BEGIN DATASET RECORDS
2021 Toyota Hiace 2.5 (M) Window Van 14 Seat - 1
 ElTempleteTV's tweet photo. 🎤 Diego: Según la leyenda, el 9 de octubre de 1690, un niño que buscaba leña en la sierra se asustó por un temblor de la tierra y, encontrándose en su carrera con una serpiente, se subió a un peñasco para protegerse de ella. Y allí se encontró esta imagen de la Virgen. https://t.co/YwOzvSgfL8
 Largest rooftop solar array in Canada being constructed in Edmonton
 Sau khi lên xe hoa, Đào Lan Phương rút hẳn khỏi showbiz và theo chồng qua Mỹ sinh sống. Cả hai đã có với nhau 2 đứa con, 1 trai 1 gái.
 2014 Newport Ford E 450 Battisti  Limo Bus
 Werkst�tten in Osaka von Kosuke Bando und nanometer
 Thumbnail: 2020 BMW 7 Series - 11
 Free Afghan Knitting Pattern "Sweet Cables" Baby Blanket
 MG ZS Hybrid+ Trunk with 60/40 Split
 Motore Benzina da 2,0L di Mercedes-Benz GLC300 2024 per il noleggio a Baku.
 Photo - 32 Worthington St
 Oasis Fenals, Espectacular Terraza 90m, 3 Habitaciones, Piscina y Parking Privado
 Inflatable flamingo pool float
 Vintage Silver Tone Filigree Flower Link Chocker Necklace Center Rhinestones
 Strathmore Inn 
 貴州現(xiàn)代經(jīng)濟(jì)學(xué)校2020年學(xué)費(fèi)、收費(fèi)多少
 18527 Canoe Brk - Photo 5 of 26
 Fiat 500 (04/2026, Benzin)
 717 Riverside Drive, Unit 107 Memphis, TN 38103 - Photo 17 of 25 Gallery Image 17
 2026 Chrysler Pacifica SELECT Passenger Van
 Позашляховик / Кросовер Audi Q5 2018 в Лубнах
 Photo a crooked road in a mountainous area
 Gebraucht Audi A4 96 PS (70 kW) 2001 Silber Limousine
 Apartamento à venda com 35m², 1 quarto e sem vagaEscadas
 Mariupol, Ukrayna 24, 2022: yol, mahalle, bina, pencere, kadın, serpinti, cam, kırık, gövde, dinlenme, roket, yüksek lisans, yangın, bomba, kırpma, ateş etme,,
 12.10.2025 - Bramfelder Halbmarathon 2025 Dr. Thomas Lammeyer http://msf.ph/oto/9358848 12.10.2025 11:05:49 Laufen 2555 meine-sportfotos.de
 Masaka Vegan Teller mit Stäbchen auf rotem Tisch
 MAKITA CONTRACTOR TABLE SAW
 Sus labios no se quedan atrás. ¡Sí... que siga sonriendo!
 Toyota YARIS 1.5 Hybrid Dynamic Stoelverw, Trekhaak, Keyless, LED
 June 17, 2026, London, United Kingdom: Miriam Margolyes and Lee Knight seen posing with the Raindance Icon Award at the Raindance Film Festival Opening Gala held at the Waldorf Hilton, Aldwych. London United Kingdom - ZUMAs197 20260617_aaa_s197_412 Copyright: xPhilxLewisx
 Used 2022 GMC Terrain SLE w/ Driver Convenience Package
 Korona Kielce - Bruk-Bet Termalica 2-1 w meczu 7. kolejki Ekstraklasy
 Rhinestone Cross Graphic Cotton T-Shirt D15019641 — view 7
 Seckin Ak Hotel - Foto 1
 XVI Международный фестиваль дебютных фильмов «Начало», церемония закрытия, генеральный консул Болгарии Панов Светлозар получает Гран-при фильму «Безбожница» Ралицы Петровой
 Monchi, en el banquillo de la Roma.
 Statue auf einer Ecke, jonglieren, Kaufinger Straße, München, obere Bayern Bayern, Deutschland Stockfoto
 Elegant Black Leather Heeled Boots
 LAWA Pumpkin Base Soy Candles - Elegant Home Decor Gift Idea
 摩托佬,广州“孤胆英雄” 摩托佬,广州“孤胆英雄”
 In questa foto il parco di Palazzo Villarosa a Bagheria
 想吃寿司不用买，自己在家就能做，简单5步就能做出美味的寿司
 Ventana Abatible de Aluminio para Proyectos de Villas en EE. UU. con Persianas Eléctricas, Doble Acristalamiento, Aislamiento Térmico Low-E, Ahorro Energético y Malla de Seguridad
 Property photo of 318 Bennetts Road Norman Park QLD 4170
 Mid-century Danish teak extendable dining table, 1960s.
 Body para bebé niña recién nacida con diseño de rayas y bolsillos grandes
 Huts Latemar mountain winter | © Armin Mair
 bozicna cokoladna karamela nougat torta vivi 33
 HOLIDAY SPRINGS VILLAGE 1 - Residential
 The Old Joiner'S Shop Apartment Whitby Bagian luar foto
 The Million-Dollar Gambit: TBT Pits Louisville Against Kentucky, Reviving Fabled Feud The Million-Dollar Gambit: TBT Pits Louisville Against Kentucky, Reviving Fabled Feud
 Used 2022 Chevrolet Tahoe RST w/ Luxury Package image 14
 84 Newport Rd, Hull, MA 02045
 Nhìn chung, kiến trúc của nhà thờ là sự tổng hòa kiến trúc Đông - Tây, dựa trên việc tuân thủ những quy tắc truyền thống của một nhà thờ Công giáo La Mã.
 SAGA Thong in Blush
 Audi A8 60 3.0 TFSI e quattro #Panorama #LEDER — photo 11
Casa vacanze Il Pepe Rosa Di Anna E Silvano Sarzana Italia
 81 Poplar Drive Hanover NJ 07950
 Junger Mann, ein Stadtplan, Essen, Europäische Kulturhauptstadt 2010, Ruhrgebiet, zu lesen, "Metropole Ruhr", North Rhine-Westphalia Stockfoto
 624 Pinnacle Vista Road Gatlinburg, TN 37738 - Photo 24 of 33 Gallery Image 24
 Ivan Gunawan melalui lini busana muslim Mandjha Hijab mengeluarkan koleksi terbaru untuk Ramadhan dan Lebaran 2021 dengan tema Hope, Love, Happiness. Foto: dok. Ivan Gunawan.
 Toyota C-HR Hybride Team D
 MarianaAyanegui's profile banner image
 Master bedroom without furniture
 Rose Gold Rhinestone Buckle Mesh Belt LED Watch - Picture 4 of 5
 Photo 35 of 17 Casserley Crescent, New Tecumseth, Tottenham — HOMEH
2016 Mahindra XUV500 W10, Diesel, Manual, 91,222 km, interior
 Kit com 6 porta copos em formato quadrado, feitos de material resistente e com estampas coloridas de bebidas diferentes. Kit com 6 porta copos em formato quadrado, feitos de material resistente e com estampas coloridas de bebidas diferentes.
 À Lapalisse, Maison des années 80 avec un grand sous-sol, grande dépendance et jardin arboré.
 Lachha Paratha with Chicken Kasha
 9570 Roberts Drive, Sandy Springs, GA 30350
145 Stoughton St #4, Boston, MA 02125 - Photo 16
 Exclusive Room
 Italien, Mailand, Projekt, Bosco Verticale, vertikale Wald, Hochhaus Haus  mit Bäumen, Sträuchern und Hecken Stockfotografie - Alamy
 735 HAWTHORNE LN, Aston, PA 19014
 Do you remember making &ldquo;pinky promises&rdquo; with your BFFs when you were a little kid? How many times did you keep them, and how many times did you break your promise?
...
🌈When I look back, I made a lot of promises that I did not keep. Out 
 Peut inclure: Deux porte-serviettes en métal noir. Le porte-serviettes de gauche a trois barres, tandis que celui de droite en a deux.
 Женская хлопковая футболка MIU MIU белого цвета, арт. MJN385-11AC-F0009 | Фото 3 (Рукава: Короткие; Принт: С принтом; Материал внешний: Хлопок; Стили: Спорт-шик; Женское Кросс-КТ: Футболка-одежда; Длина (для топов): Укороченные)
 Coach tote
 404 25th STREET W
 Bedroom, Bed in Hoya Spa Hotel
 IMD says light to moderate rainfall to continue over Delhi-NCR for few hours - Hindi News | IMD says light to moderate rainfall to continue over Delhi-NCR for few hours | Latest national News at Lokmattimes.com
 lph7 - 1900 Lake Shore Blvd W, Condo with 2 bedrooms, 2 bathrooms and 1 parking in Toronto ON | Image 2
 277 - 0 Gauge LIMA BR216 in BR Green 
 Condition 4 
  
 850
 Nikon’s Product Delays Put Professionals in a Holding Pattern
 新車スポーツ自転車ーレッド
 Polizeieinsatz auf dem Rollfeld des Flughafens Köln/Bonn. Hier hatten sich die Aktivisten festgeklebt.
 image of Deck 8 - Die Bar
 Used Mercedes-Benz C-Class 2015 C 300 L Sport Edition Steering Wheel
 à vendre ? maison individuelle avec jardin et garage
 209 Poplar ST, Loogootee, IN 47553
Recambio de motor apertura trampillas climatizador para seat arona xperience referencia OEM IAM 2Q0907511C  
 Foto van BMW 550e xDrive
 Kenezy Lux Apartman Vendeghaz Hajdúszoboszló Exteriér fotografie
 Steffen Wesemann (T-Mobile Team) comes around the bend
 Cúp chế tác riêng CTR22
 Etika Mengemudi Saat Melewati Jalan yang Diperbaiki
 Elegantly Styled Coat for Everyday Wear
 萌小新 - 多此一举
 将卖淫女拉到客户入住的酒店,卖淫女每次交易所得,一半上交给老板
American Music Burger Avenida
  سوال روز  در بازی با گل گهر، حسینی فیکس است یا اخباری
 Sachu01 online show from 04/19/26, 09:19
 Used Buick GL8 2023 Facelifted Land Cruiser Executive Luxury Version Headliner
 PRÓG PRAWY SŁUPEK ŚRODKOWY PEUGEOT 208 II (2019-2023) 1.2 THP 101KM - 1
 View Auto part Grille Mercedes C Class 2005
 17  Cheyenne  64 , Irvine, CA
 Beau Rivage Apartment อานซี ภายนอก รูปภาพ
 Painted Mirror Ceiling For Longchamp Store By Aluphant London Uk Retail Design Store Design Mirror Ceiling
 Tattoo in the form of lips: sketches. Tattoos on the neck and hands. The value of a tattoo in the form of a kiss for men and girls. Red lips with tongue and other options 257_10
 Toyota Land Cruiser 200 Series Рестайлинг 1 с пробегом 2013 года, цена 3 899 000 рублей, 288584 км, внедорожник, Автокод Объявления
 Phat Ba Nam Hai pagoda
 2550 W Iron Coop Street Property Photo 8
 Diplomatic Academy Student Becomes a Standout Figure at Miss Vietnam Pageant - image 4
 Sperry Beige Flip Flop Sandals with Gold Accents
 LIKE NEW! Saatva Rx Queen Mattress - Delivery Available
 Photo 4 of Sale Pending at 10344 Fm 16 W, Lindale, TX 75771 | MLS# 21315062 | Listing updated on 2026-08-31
END DATASET RECORDS
■ TASK ITEM ■
Your answer should consist of the lines from the line with "bozicna cokoladna karamela" to the line with "The Old Joiner'S" above, repeated exactly, both ends included.

■ SOLUTION FOR THIS PROBLEM ■
 bozicna cokoladna karamela nougat torta vivi 33
 HOLIDAY SPRINGS VILLAGE 1 - Residential
 The Old Joiner'S Shop Apartment Whitby Bagian luar foto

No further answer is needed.